EEG–fMRI Information Fusion: Biophysics and Data Analysis

Cerebral activity has many attributes: bioelectrical, metabolic, haemodynamic, hormonal, endogenous, exogenous, specialised, integrated, pathological, stable, dynamic, to mention but a few. The diverse nature of biological processes has been recognised for centuries. It seems obvious that moving from unimodal recordings to multimodal measurements will allow neuroscientists to better understand the nature and structure of cerebral activity. This means that fusing electrophysiological data and BOLD-related measurements represents an important methodological challenge. The realisation of any cognitive, motor or sensory process rests on cerebral dynamics and creates order in the bioelectric and haemodynamic signals measured with EEG and fMRI, respectively.
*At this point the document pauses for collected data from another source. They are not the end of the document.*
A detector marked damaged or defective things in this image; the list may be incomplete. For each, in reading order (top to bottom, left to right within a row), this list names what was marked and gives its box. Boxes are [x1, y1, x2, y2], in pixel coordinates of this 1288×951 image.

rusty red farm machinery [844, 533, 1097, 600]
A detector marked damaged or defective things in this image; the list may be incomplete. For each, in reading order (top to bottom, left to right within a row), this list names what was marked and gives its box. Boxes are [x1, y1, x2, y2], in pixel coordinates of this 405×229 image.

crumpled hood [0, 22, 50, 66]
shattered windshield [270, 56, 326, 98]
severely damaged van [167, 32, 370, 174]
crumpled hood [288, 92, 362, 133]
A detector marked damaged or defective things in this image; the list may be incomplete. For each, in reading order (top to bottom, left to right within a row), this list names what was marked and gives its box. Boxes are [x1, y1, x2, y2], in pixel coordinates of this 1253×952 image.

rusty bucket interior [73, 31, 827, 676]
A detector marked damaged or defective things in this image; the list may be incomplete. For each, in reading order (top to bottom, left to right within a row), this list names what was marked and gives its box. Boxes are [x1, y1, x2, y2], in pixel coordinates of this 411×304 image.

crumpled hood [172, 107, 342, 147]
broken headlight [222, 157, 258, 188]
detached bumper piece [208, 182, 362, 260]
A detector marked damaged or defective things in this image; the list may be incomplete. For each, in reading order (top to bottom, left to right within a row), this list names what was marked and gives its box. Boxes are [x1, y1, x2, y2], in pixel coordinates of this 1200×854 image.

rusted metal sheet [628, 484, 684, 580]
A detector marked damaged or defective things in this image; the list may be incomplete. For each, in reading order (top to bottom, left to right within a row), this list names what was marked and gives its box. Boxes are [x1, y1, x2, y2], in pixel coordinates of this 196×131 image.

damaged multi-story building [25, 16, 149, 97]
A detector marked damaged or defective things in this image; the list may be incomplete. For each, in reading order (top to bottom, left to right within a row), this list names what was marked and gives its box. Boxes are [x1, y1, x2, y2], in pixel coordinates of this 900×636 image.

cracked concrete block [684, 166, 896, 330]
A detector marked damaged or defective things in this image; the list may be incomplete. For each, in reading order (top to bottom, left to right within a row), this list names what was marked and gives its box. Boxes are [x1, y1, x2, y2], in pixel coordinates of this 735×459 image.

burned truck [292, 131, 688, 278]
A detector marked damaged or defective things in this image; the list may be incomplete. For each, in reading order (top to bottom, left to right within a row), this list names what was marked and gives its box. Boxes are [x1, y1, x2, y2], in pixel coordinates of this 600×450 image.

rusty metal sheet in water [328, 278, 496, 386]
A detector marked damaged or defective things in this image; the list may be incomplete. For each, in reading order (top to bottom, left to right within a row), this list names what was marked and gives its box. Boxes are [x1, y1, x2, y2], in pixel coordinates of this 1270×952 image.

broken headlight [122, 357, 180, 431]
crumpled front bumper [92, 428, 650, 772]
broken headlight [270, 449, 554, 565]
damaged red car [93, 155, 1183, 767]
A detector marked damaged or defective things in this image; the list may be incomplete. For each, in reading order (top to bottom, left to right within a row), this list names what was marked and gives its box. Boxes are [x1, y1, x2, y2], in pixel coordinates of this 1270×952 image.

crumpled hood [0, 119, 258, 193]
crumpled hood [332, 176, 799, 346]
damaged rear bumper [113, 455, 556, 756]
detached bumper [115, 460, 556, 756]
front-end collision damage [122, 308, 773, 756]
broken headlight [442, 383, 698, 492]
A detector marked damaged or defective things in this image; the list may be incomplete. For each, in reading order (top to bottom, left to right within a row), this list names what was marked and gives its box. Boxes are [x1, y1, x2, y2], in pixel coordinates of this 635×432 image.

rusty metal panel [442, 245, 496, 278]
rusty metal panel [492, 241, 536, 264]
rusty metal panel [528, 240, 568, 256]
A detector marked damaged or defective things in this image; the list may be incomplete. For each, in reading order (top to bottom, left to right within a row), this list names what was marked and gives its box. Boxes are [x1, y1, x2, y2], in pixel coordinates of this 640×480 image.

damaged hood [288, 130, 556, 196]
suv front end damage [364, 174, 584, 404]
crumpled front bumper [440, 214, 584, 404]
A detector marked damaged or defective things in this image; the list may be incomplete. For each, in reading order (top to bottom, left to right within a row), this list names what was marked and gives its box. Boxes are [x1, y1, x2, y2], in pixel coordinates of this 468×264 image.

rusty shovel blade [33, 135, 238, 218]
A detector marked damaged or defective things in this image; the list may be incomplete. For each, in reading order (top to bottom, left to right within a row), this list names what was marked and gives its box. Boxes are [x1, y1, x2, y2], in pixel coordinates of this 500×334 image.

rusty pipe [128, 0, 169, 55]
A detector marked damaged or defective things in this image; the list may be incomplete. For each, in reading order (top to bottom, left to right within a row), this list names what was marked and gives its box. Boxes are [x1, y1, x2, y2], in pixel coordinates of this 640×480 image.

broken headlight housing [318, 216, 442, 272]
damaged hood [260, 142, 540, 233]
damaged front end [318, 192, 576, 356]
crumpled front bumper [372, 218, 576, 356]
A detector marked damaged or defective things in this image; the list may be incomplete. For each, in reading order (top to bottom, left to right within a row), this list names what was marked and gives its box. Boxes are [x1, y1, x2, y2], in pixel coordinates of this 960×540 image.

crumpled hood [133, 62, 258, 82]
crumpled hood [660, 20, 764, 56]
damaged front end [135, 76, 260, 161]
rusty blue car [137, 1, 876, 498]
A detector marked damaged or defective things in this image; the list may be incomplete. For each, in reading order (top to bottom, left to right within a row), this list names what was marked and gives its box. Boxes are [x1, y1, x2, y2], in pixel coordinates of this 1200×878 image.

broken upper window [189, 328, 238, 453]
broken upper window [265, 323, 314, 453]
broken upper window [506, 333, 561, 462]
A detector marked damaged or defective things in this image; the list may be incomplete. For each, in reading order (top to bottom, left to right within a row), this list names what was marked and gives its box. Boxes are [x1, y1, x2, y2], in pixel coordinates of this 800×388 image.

To detect and interpret the relevant features of these signals, one typically describes processes at their own temporal and spatial scales. The main sources of scalp EEG signals are postsynaptic cortical currents associated with large pyramidal neurons, which are oriented perpendicular to the cortical surface (Nunez 1981). However, the scalp topology of measured electrical potentials does not, without additional (prior) information, uniquely specify the location of underlying bioelectric activity. This issue is referred to as the ill-posed nature of the EEG/MEG inverse problem. Conversely, even though fMRI discloses complementary features of neuronal activity (Nunez and Silberstein 2000; Mukamel et al. 2005), it is only an indirect measure, through metabolism, oxygenation and blood flow, where these slow mechanisms provide temporally smoothed correlates of neuronal activity.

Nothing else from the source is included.